Se a reversão não acontecer, o que parece mais
provável, restará aos especialistas discutir as razões
do fracasso eleitoral de
Alckmin. Ao contrário da
imagem agora corrente,
poucas vezes um candidato presidencial pareceu
tão talhado para atender
as demandas que as próprias pesquisas identificam no eleitorado.
O eleitor é pós-ideológico, se é que foi ideológico
alguma vez. Quase metade, segundo o Datafolha,
prefere a "direita" em vez
do "centro" ou da "esquerda" -e revela razoável
consciência, mesmo que
intuitiva, do que esses rótulos traduzem.
No figurino extraído das
pesquisas qualitativas, o
modelo de político tem
virtudes de feitio publicitário. É honesto, trabalhador, experiente, religioso e
preparado. É equilibrado,
evita extremos, não insulta seus adversários, conhece dados e números.
Ora, Geraldo Alckmin,
para o bem e para o mal,
cabe exatamente nesse figurino. Parece, aliás, ter
moldado sua personalidade pública com vistas a
preenchê-lo. Foi prejudicado pela imagem de político insosso que lhe valeu
o famoso apelido de "picolé de chuchu".
Mesmo essa imagem de
indefinição mal sobreviveu, porém, a duas manobras realizadas pelo então
governador paulista. A
primeira foi a adoção de
uma política duríssima,
chamada de neomalufista,
na área da segurança pública em São Paulo. Os
motins do crime organizado são evidente reação a
essa dureza.
A outra manobra foi o
vigor com que ele enfrentou a postulação do então
prefeito José Serra dentro
do PSDB. Enquanto Serra
ficava numa posição hamletiana, à espera de que o
partido o ungisse candidato, Alckmin mostrou capacidade de confronto e
levou a indicação.
Fala-se que nada disso
adianta diante do "carisma" de Lula. Estranha explicação, pois ela implica
admitir que Lula tem "carisma" agora, mas não tinha nas três eleições presidenciais que perdeu antes de finalmente conseguir se eleger em 2002.
O mais provável é que o
amplo favoritismo de Lula
se deva mesmo a um panorama econômico entre
razoável e bom, somado
ao pacote de bondades
eleitorais que seu governo,
conforme a praxe reeleitoral, vem desovando nos últimos meses.

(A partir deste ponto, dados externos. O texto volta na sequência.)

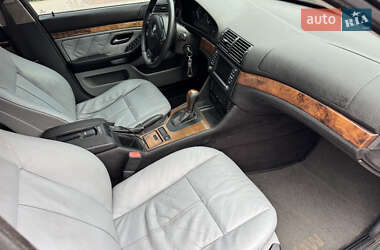 Седан BMW 5 Series 2001 в 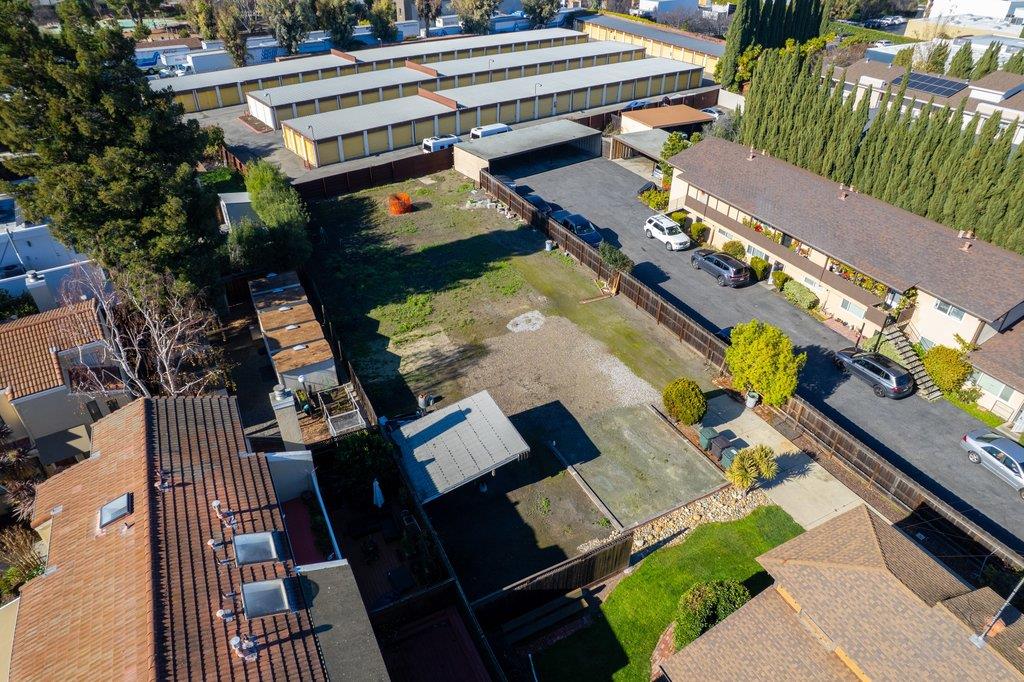 Detail Gallery Image 13 of 20 For 888 N Rengstorff Ave, Mountain View,  CA 94043 - 4 Beds | 2 Baths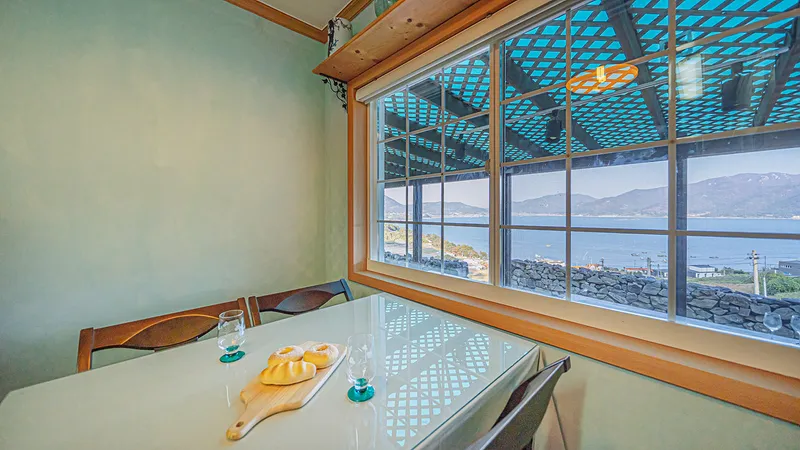 [Namhae] Baekdu Mountain, the ocean view of the heavenly sea, 1st floor 9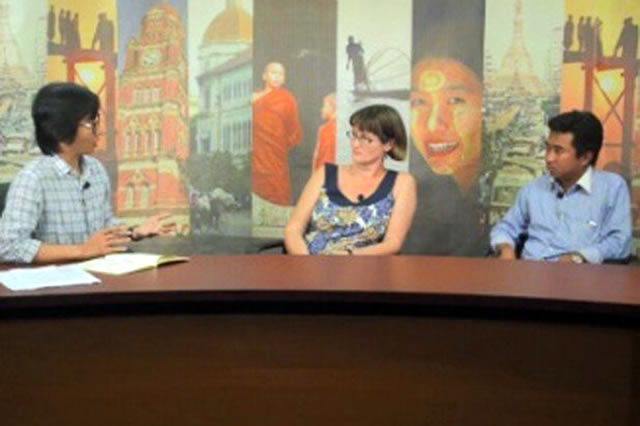 Kyaw Zwa Moe (left) talks with Vicky Bowman, director of MCRB, and Kyaw Lin Oo (right), coordinator of the Myanmar People Forum Working Group, on Dateline Irrawaddy.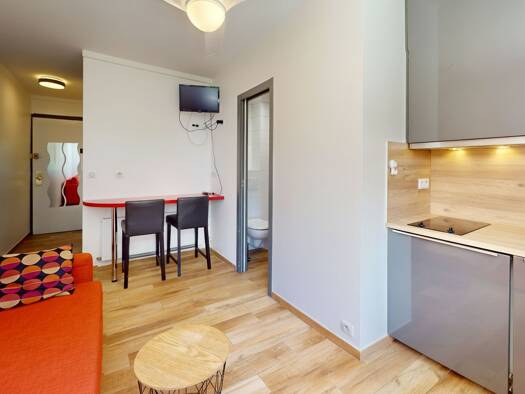 Appartement à vendre 155 000 € 1 pièce 14,5 m² RDC/9 Saint Charles-Golf Biarritz 64200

A experiência internacional mostra também
que reeleição de presidente no cargo é a regra, não a
exceção. Neste momento
em que Lula volta a acumular muito poder, é saudável que conheça limites,
seja interpelado e submetido à crítica. Para que depois não se venha reclamar, mais uma vez, de estelionato eleitoral.